Antoni Bayona Rocamora

30 de Octubre de 2019, 21:09

Antoni Puigverd destacaba, en un artículo publicado en La Vanguardia antes del verano, que desde mucho antes de la sentencia del Estatuto catalán ningún líder español ha hecho política en Cataluña y apostado a favor de una propuesta para superar el pleito dirigida a la sociedad catalana en su conjunto y no sólo al independentismo. 

¿Cómo puede ser esta propuesta? El mismo Puigverd alertaba de que la apelación recurrente al federalismo como solución tiene riesgo de convertirse en un eslogan, algo parecido al procesismo. Para evitar que esto ocurra, la propuesta debe ser audaz y suficientemente concreta para que los catalanes puedan considerar una oferta que constituya una verdadera alternativa entre los dos extremos: la independencia sí o sí o el mantenimiento del actual estado de las cosas.

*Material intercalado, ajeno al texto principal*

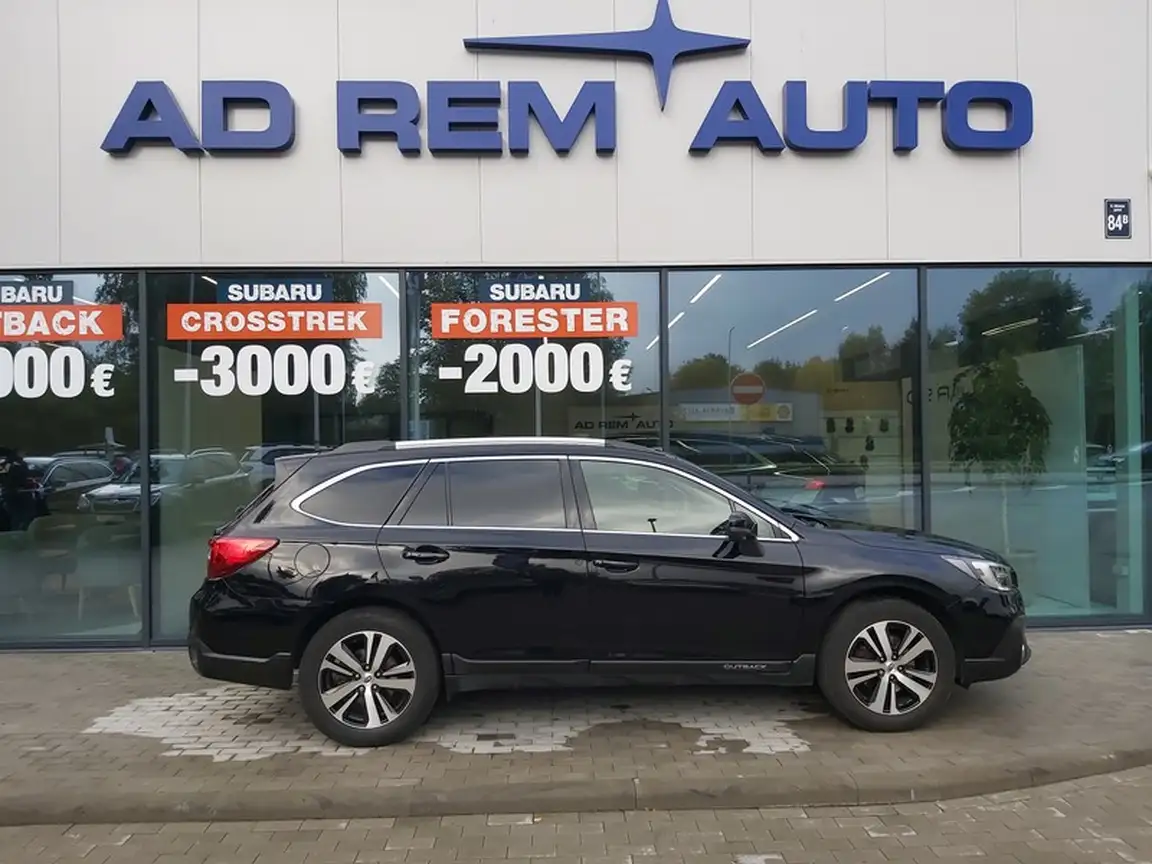SUBARU OUTBACK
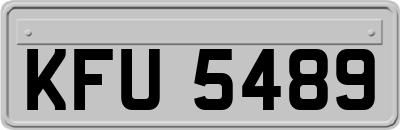 KFU5489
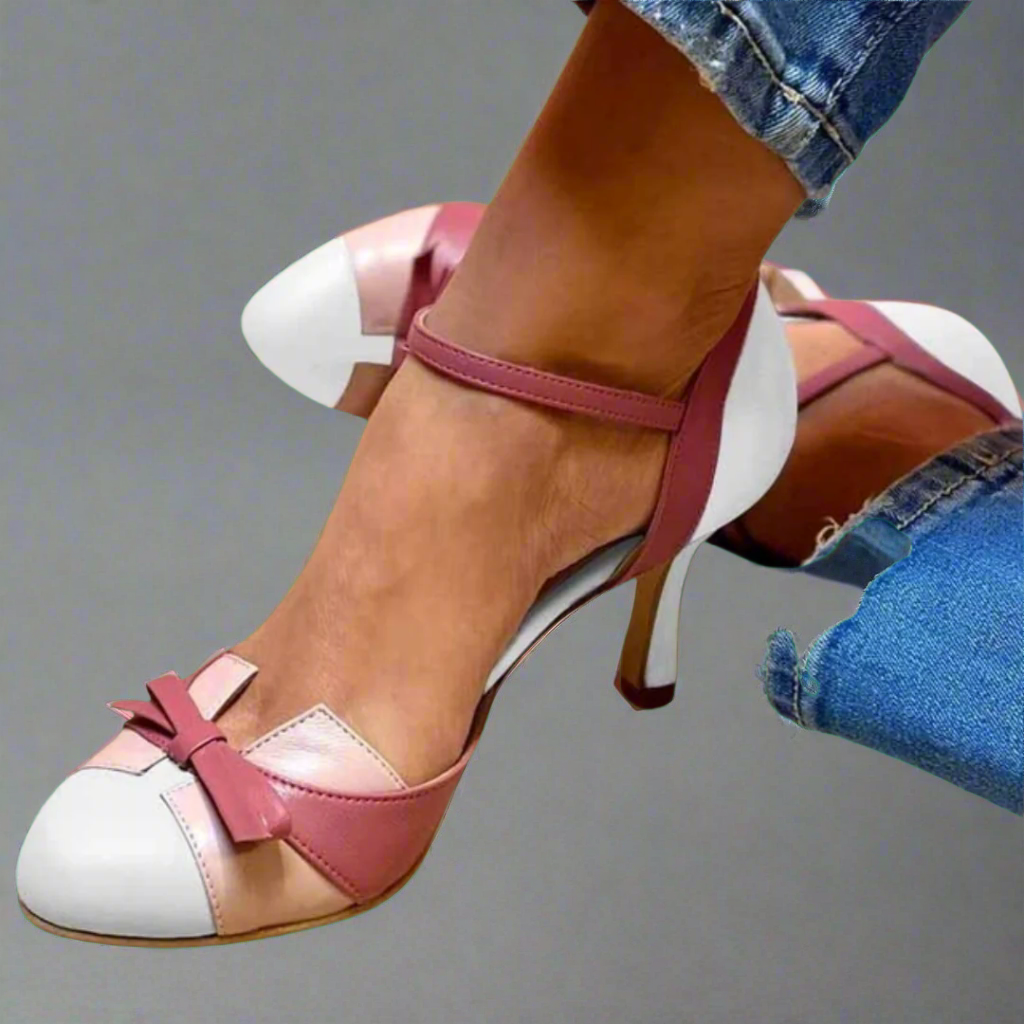 Melissea – Heeled Shoes for Girls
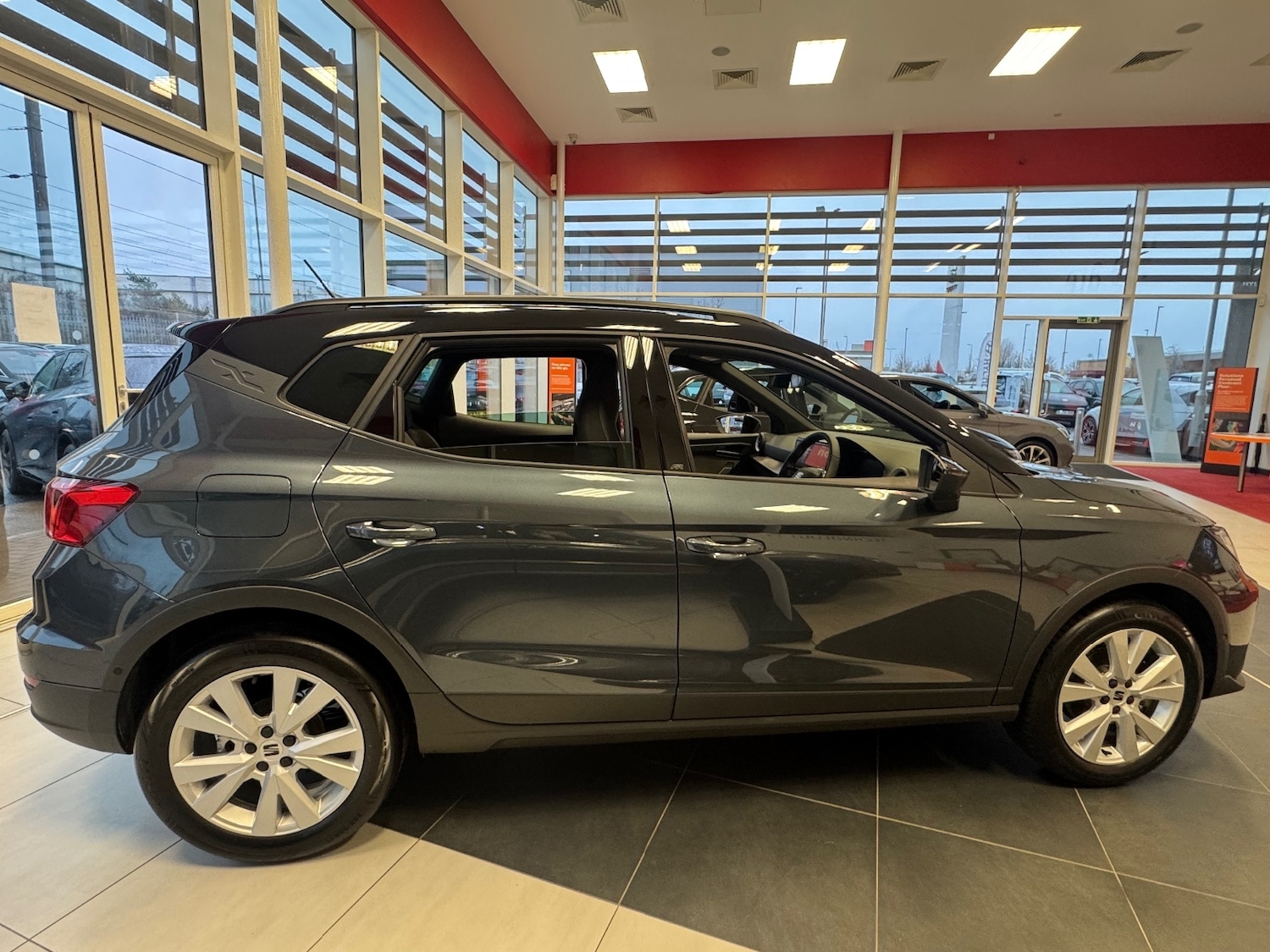 Used SEAT Arona for sale - 77232081: Photo 25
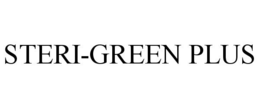 STERI-GREEN PLUS trademark
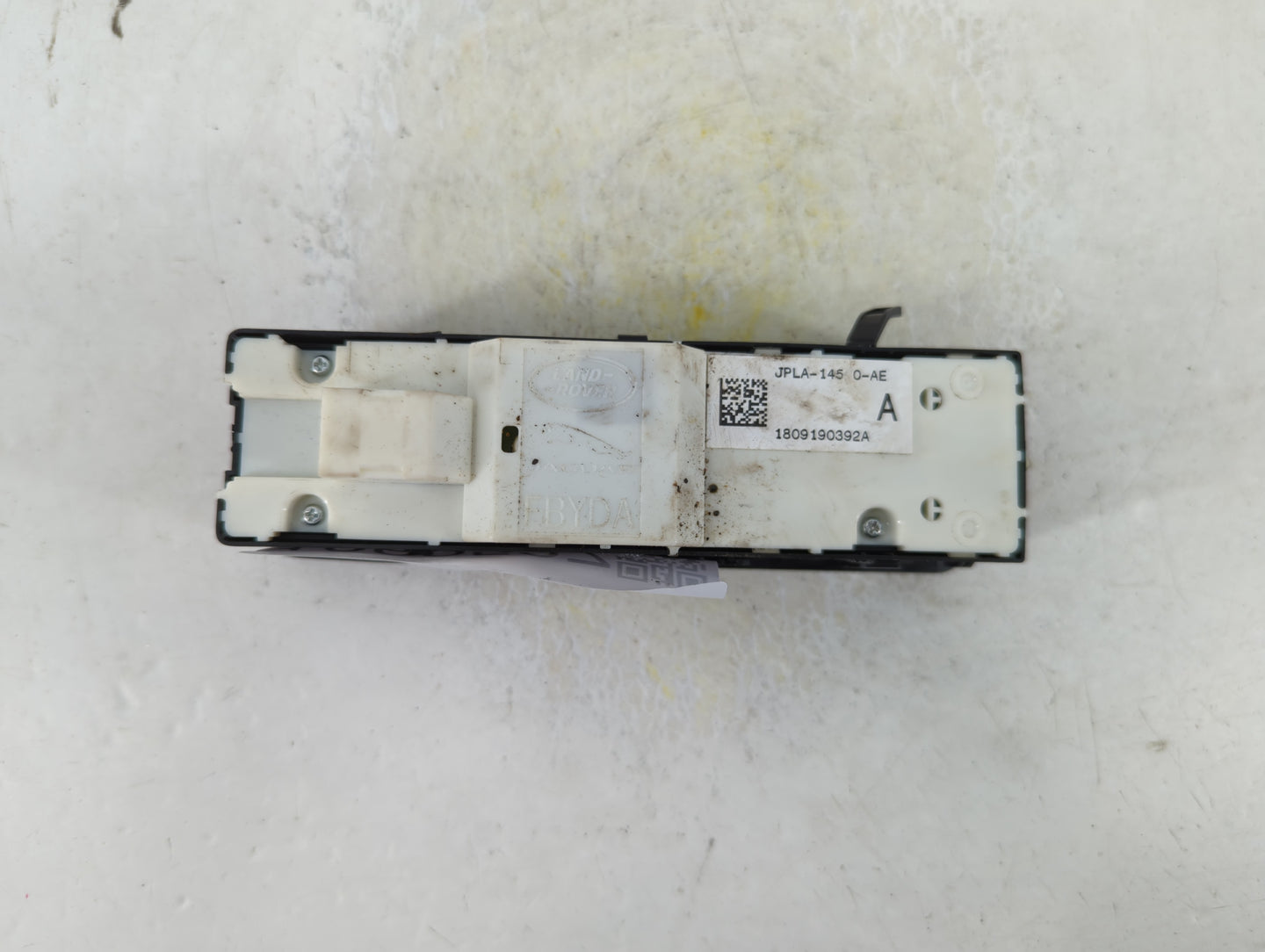 2019 Nissan Rogue Sport Master Power Window Switch Replacement Driver Side Left P/N:JPLA-145- 0-AE Fits OEM Used Auto Parts 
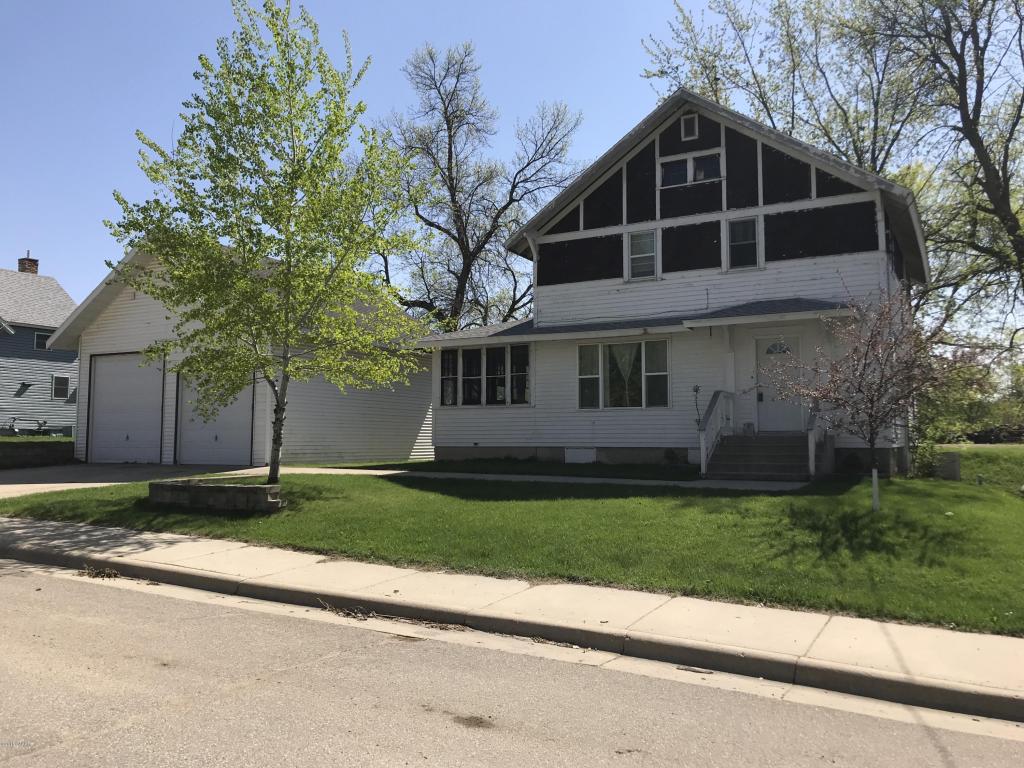 316 Main Street, Evansville, MN 56326 MLS 1024556 Edina Realty
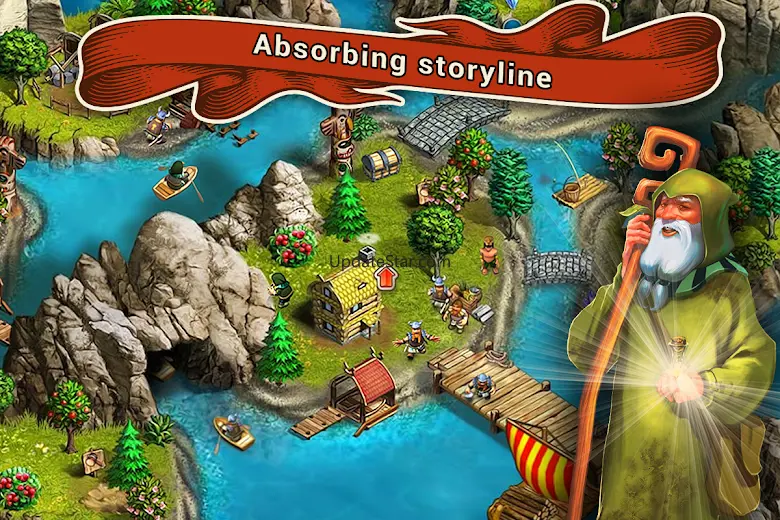 Viking Saga 2: Northern World 1.23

Pedro Sánchez se ha referido en alguna ocasión a reeditar una nueva operación estatutaria, señalando así la importancia de que la propuesta nazca de un acuerdo inicial entre las fuerzas políticas catalanas. Tiene sentido, pero también problemas derivados de la división política hoy existente en Cataluña y del escaso recorrido que puede tener una nueva reforma del Estatuto después del fiasco de la de 2006. La sentencia del Tribunal Constitucional de 2010 deja poco margen para otra reforma, aunque es importante señalar que lo perdido en aquel momento puede ser recuperado por otras vías jurídicas. Parece una paradoja pero no lo es, porque la mayoría de reproches que el Tribunal hizo al Estatuto de 2006 no lo fue tanto por las soluciones adoptadas, sino por entender que no era en ese tipo de norma donde debían estar contempladas.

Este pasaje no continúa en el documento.